Rispondo volentieri alla richiesta di Keynes Blog segnalando anzitutto la piattaforma unitaria per la legge di bilancio 2019 che CGIL, CISL e UIL hanno consegnato al Governo il 22 ottobre 2018, che mi sembra abbia sinora trovato ben poca disponibilità all’ascolto da parte della politica, come del resto ben poca pubblicità e ancor minore approfondimento sui mezzi di comunicazione di massa.

La piattaforma è un documento molto utile e interessante, innovativo nel metodo e del tutto condivisibile. Tuttavia, non si può negare che essa susciti anche la sensazione di un eccesso di dettaglio e possa presentare quindi qualche difficoltà di comunicazione a un largo pubblico, che ne può indebolire la capacità di raccogliere un sostegno forte e combattivo da parte anzitutto dei lavoratori.
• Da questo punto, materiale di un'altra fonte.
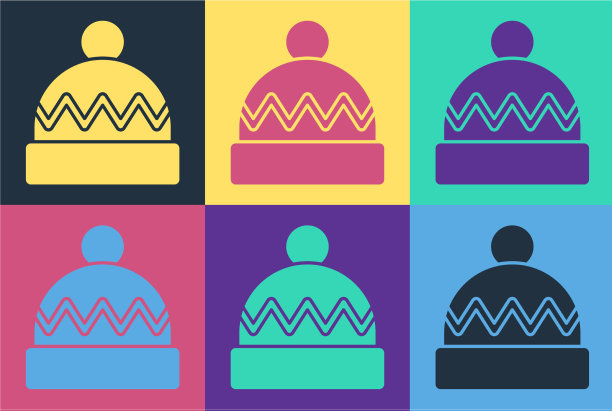 流行艺术冬季帽子图标孤立的颜色图片下载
Anche se questi hanno indubbiamente dimostrato con la manifestazione del 9 febbraio una rilevante e non prevedibile disponibilità alla mobilitazione.
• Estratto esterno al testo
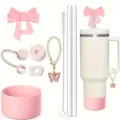 Pink Stanley tumbler accessory set with bow straw topper, butterfly chain, and silicone straw covers - Set 1 (Cup Not Included)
Come che sia, propongo qui un compendio personale e molto sintetico della piattaforma, che ne riprende alcuni elementi, li integra con altri farina del mio sacco e sintetizza il tutto in due obiettivi sociali irrinunciabili, tre assi fondamentali di politica industriale e cinque punti cardine di riforma delle politiche economiche europee.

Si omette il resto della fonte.